People need to understand, and probably do that chicken forums and members give suggestions, not treatments , not diagnoses. 

If doses are given on medications, this is not a professional veterinary dose. Unless backed up by valid literature . 

Just know that suggested doses and medications are at the user's expense and no one elses. 

I do like med doses being stickied. I know I $uck at math , and it's nice that someone else does the work!


----------



## robin416 (Sep 8, 2013)

seminolewind said:


> I do like med doses being stickied. I know I $uck at math , and it's nice that someone else does the work!

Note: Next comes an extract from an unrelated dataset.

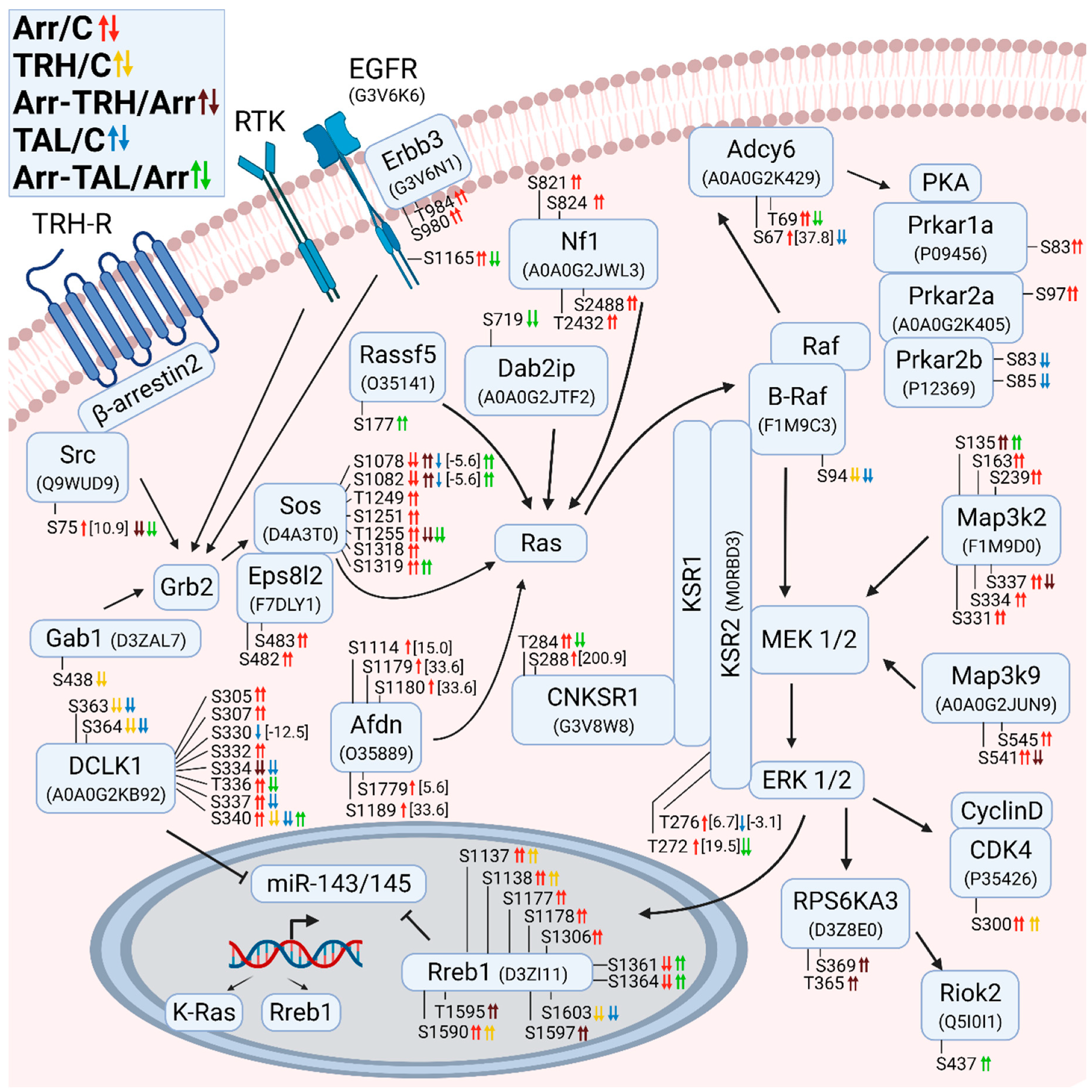 Cells 11 01473 g002 Cells 11 01473 g002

Me too. I could do algebra like nobody's business but all that conversion math drives me nuts.


----------



## dawg53 (Aug 25, 2015)

I use Georgia math; 1+1=11


----------



## casportpony (Aug 22, 2015)

seminolewind said:


> Unless you take your sick chicken to the vet, a doctor, all other information from anyone anywhere about diagnosis is a guess, sometimes a good guess. There are also many people who have had experiences with illnesses and can pass along these stories. Everyone exchanges stories here.
> 
> People need to understand, and probably do that chicken forums and members give suggestions, not treatments , not diagnoses.
> 
> ...


How do you avoid putting incorrect doses in the sticky when stuff like Duramycin 10 and Oxytetracyline have incorrect doses on the mfg website?

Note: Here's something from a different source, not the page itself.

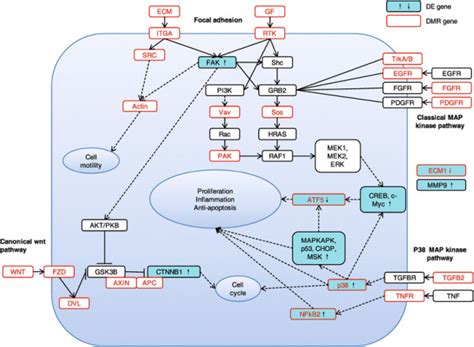 Genes in cancer-related pathways. Genes in the ‘Focal adhesion’, ‘Wnt ...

What about amprolium? The mfg and the FDA say to use it one one, but hardly anyone ever recommends that.

Procaine penicillin is another... Veterinary literature says one amount, but most people say to use a lesser amount. Same with Tylan.


----------



## casportpony (Aug 22, 2015)

robin416 said:


> Me too. I could do algebra like nobody's business but all that conversion math drives me nuts.

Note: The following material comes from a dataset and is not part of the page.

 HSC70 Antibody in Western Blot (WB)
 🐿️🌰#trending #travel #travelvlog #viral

Used to drive me nuts, but I got tired of asking DH to calculate doses for me.

It's a simple formula...

Weight of bird in pounds, divide by 2.2, times the number of mg per kg you want to give, divide by the number of mg per ml = amount of liquid to give.

Baytril example:
Most common amount I see recommended by vets for chickens in 10 mg/kg twice a day, and most common Baytril purchased is 100 mg/ml.

Five pound hen:
5 / 2.2 x 10 / 100 = 0.23 ml twice a day.


----------



## Nm156 (May 16, 2015)

Maybe that's why people should quit playing doctor on the internet?


----------



## casportpony (Aug 22, 2015)

Nm156 said:


> Maybe that's why people should quit playing doctor on the internet?


What's the alternative? Sit back and do nothing? Convince people to go to a vet? Suggest they cull? Provide links to veterinary formularies? Books?


----------



## seminole wind (Aug 22, 2015)

Nm156 said:


> Maybe that's why people should quit playing doctor on the internet?


You are right. But vets are few and expensive. I'm lucky mine charges $40.00 for most things.

If your chicken is going to die, one might as well try anything to save it . Many of us have "pet" chickens .


----------



## seminole wind (Aug 22, 2015)

robin416 said:


> Me too. I could do algebra like nobody's business but all that conversion math drives me nuts.


Yea, me too. For 20 years I could convert anything. Now? My brain is mush.

Kathy, there's no easy answer when there are several doses. And aside from injections, there's no way to know if they drink enough or too much medicated water. Personally, if the dosages are not there or have different amounts, I always fall back on 0.5ml for an injection and 1 tsp per gallon for water.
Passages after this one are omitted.